では、問題の根本は何なのか。それは、ソーシャルメディア企業が何より必要としているのがユーザーだということだ。人々の集まりこそが、より人を惹き付ける最大の武器だからだ。サービス開始時は、ドアが大きく開かれている無料からのスタートなのだ。しかし、時がたてばそこでお金を発生させる必要が出てくる。それには、ユーザーに広告を売ることが何よりも効果的な方法なのだ。

お金を生むことは、企業にとって悪でも誤りでもない。またTwitter/Facebook/Instagramが、ユーザーをめちゃくちゃにしてやろうと考えているわけでもない。ユーザーを失うことは決してできないからだ。しかし、マネタイズとユーザー満足度のちょうどいいバランスが見つかるまで、企業は重りを乗せ続けるだろう。できるかぎり乗せて行く、それは企業がやらなければならないことだからだ。

こんなこと、前からわかっていたことなのだ。ただ、ちょっとそれを再認識するのがツライだけだ。インターネット上のものは全て無料なんて時は終ったのだ。雑誌や新聞は、その値をつりあげる。ストリーミングサービスは、ヒット作のリリース時期を遅らせる。様々な方法で無料時代は終ったのだ。

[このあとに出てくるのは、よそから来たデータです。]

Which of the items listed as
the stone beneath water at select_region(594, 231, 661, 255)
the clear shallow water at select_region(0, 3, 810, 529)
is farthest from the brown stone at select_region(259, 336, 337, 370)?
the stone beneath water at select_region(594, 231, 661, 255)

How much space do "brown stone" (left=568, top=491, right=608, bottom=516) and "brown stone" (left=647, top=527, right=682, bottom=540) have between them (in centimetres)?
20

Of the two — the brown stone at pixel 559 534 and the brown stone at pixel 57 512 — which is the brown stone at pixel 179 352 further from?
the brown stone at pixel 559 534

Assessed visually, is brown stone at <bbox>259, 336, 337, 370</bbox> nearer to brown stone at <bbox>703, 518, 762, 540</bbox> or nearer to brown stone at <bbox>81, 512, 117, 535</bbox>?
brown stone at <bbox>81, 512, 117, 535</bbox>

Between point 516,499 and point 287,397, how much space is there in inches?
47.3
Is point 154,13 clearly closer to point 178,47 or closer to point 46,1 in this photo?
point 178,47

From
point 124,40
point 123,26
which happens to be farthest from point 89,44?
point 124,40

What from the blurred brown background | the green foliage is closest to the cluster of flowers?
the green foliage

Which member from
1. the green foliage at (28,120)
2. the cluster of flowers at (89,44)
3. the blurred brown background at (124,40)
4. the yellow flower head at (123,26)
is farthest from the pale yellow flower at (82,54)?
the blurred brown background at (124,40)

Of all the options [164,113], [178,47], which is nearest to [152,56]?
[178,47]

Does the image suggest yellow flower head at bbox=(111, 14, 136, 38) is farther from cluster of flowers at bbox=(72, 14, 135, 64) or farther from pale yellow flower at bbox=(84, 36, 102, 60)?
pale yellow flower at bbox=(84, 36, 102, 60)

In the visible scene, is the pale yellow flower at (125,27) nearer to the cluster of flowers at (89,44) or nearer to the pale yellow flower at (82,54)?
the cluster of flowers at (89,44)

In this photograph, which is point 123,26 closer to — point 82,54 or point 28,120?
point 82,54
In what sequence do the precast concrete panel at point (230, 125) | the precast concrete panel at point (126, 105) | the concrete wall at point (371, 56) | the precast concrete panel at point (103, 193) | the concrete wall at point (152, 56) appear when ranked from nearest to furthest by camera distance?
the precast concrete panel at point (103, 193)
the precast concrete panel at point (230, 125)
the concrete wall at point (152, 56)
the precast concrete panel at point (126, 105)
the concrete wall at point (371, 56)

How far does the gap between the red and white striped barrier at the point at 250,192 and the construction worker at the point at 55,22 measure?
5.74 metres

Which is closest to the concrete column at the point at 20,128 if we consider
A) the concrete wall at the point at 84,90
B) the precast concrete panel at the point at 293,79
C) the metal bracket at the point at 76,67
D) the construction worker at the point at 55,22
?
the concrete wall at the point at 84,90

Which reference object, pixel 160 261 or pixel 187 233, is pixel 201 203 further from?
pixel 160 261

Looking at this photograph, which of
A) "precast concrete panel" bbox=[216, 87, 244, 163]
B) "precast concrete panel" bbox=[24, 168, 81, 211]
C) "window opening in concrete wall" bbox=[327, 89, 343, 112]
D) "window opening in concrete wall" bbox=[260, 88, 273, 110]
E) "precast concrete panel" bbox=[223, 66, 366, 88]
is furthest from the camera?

ソーシャルメディアで起きているのはそれと同じこと。ただちょっとだけ、今までの他のことよりも、「フィルターかけて写真をいい感じにすること」を愛し過ぎてしまっただけだ。離れられなくなってしまっただけだ。

しかし、いつかは、インターネットの次の手に本気で怒りを振りかざす時がくるのだろうが。


そう、だから忘れてはいけないのです。企業は友ではないということを。友達を繋ぐ素晴らしいサービスに心をどんなに奪われたとしても、サービス自体が真の友になることはないということを。いつかは、敵として立ちはだかるかもしれないということを。どこで折り合いをつけるべきなのか、ということを。